Summary: an exceptional work of history and journalism, exploring in careful detail the tragedies and atrocities borne and perpetrated by ordinary people in war
On the morning of 22 April 1978 the IRA assassinated Millar McAllister, a police photographer, in front of his young son. The trigger man, Harry Murray, was one of the IRA’s few Protestant volunteers. A former member of the RAF, Murray had been embittered against the Loyalist community when it had driven him out of his own home early in the Troubles for the offence of marrying a Catholic.

Of course Murray did not act alone. In Anatomy of a Killing, Ian Cobain presents a horribly gripping account of the operation. He examines the various roles of those involved, and also explores the motivations and rationales for their choices, and the strategies, arising in part from history, of both the British and the IRA which led to their actions.

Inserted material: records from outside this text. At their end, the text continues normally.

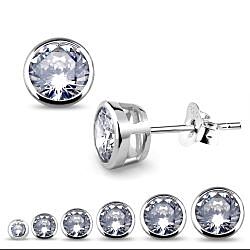  Wholesale 925 Sterling Silver Shiny Round Cubic Zirconia Stud Earrings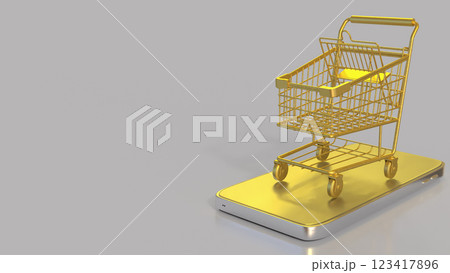 The Gold Shopping cart for Business concept 3d Rendering. 123417896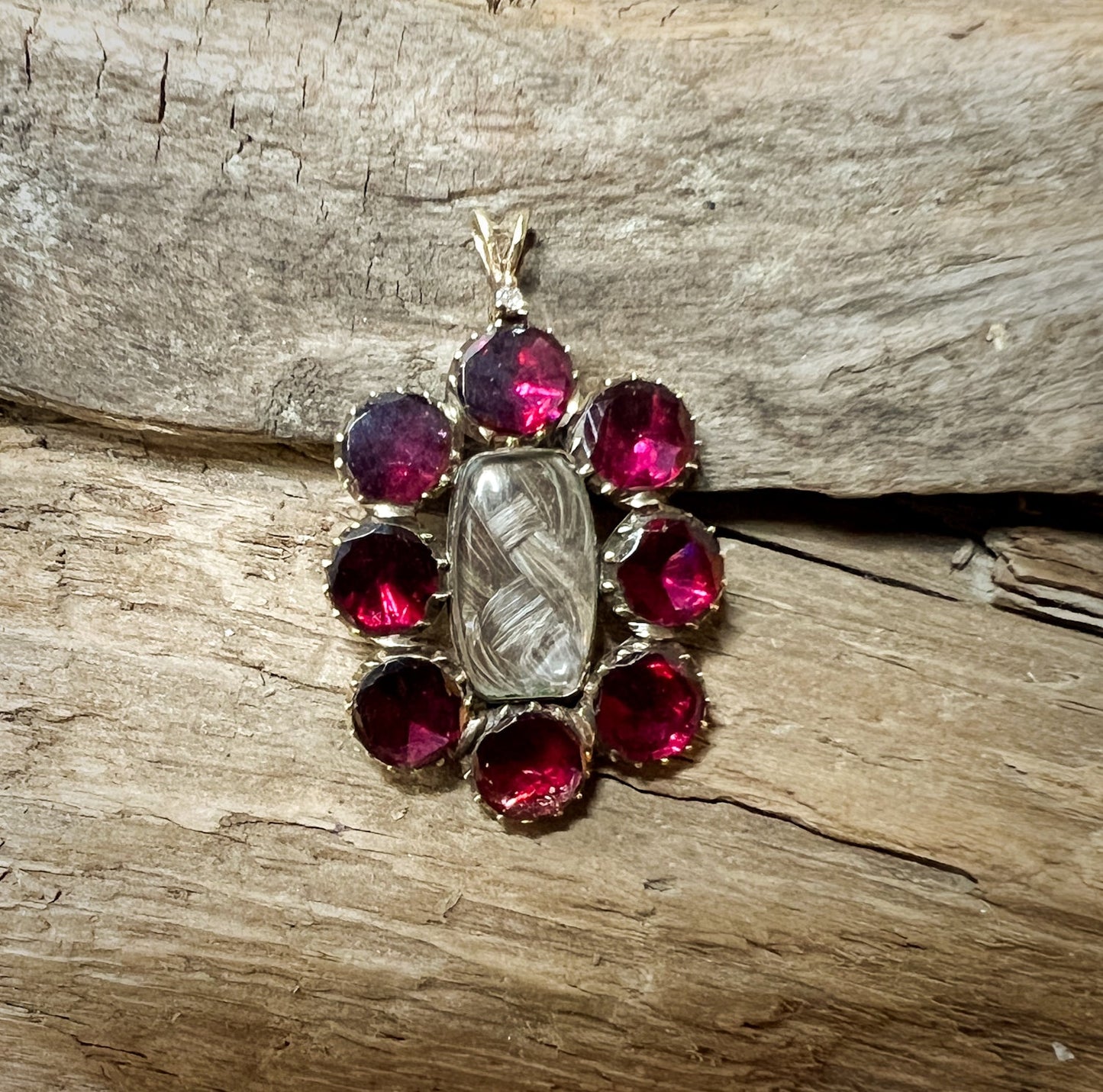 Charming Georgian Era Gold Pendant w/ Garnets, Diamond, & Hair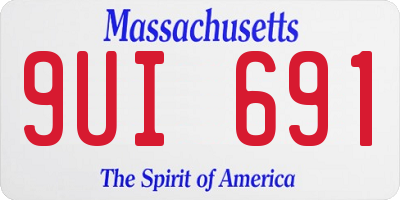 MA license plate 9UI691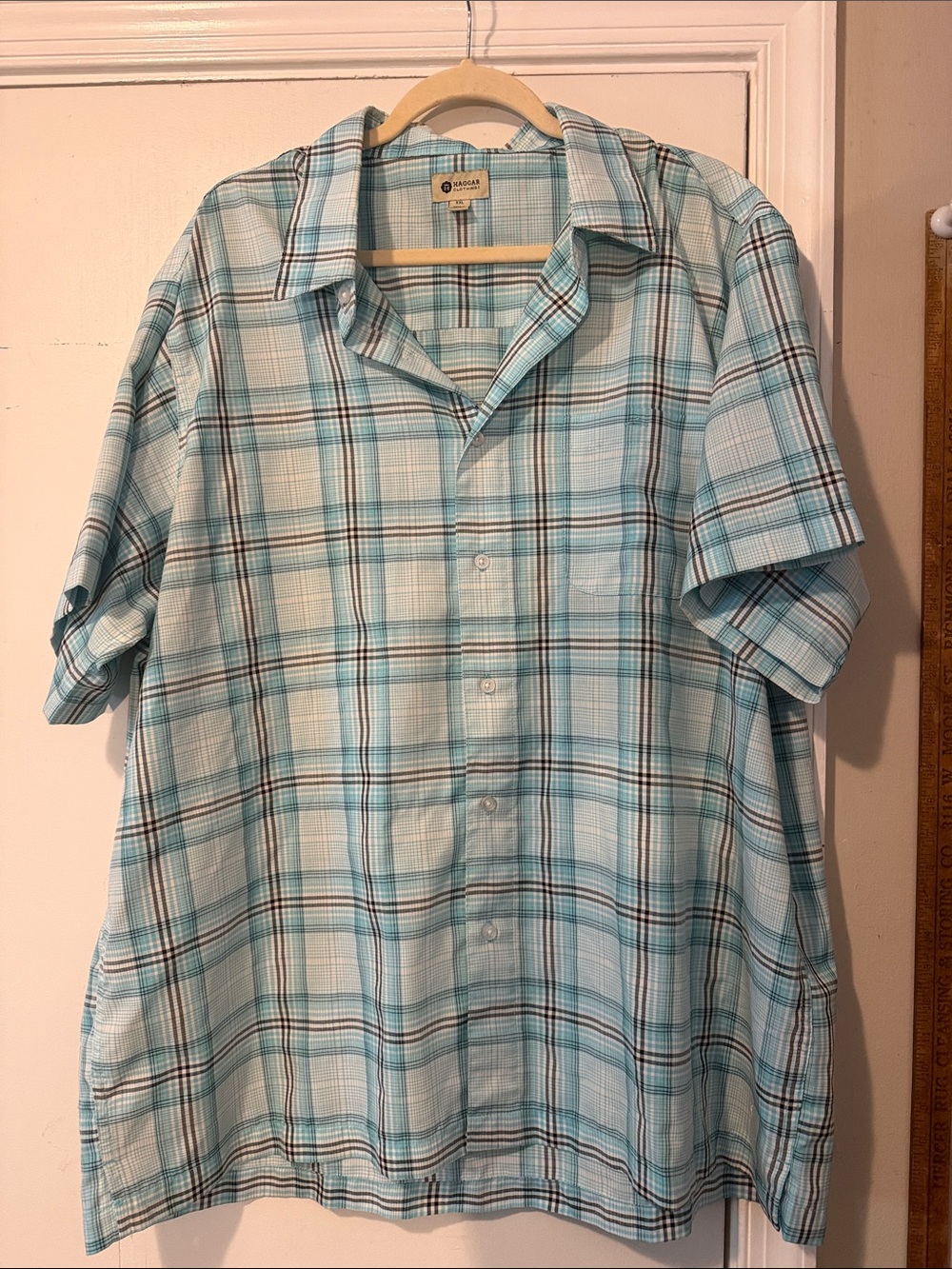 Haggar Light Blue Plaid Short Sleeve Button-Down Shirt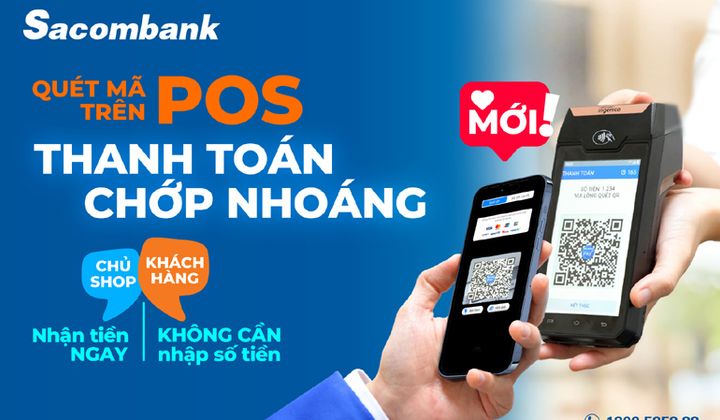 Sacombank tích hợp mã QR đa năng ngay trên máy POS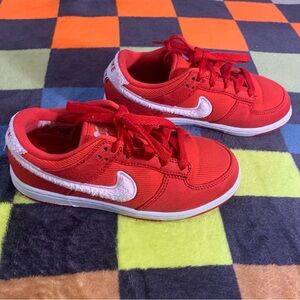 Kids Red Nike Dunk Low Top Sneakers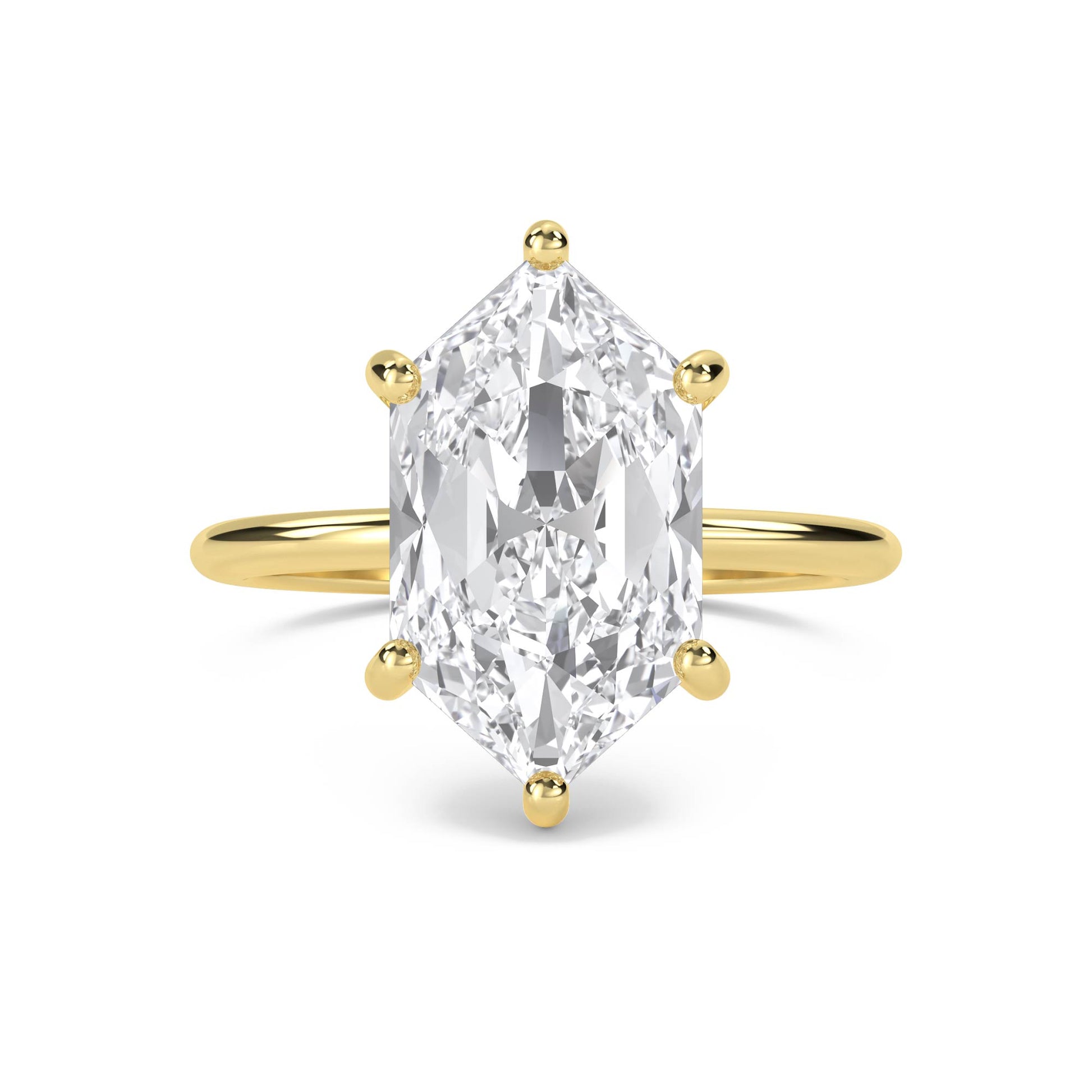Hexagon Cut Lab Grown Diamond Solitaire Ring, Classic Band - image 1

In Cobain’s account the IRA’s adoption of the tactic of “close quarters assassinations” was in response to the revulsion caused by the burning to death of 10 civilians on an evening out at La Mon House hotel. This atrocity was directly facilitated by spectacular incompetence in issuing a warning by the IRA unit who planted the blast-incendiary devices on the hotel’s dining room. But this sort of bloodshed was almost an inevitable outcome of the campaign of “economic warfare” which the IRA in their dubious strategic wisdom had fixed upon.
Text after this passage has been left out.